And so we had a teacher that came from Portland on a Greyhound bus, and she rode from Portland to Hillsboro and got off on the bus. Since we had kind of an old car, we picked her up and drove to Banks which was, I don't know, it must have been at least twenty miles away, but it took us forever to get there. We studied there and coming back was about 3:00, and she got off at the side of the highway again and then went back.

But when we went to the Japanese school, we had to start the fire – it was a big pot-belly stove – and got the place warmed up. We had makeshift desks and stuff, and she taught us all the basic Japanese characters and things like that.

MD: And Japanese history? And the language and culture?

AF: No, I think it was more like alphabets and that sort of thing, I remember that.

MD: So later, after elementary school, you said that you were about thirteen when Pearl Harbor happened.

AF: Right.

MD: At that point, did you have a sense of what was going on?
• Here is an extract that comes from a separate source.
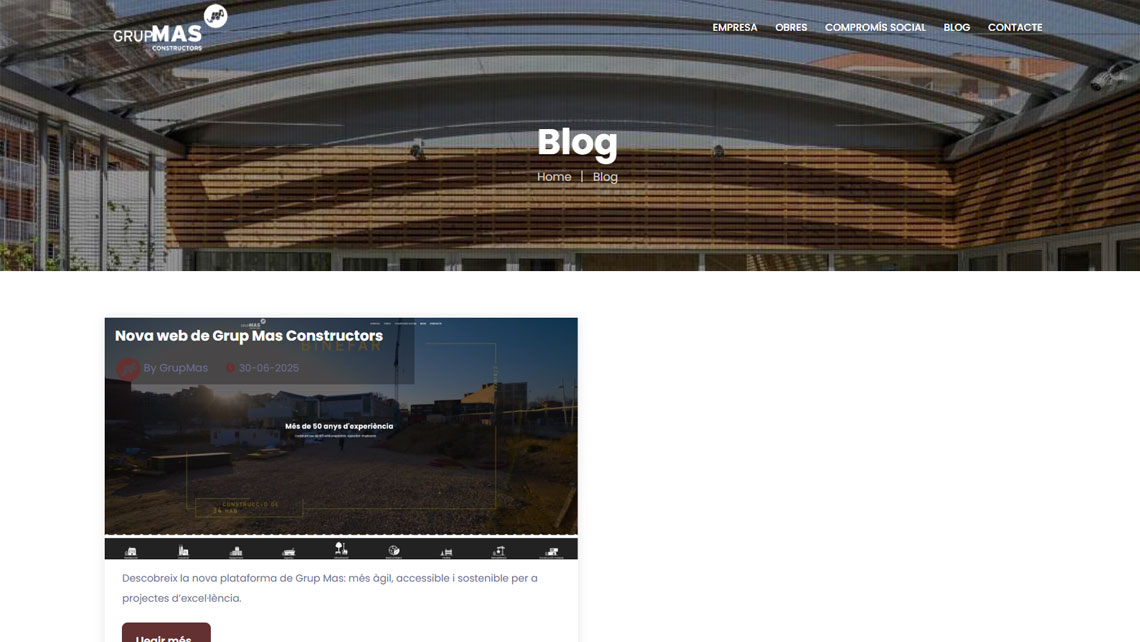 Disseny web per a Grup Mas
Do you remember the announcement of the attack on Pearl Harbor?

AF: Yes, we were working in the house, it was a Sunday, and I know we had Brussel sprouts, and to this day I can't stand Brussel sprouts. But we were sorting that for the market; my brother used to take all the produce that we had to the market. And we had an old Philco radio, which was quite a thing for us to have at the time, and I remember there was all the popular songs were playing and then all the sudden it stopped. And then they made that announcement. And to me it didn't seem earth-shaking, and I don't know that my parents could understand it either. However, my oldest brother was there, and he was the one that did the translating. But even after that, it did not impact me as much as probably my older sisters.

MD: It was definitely a change for your family because of being Japanese-Americans.

AF: Right.

MD: But the impact of it really didn't sink in.

AF: For me, because I was still on the younger side.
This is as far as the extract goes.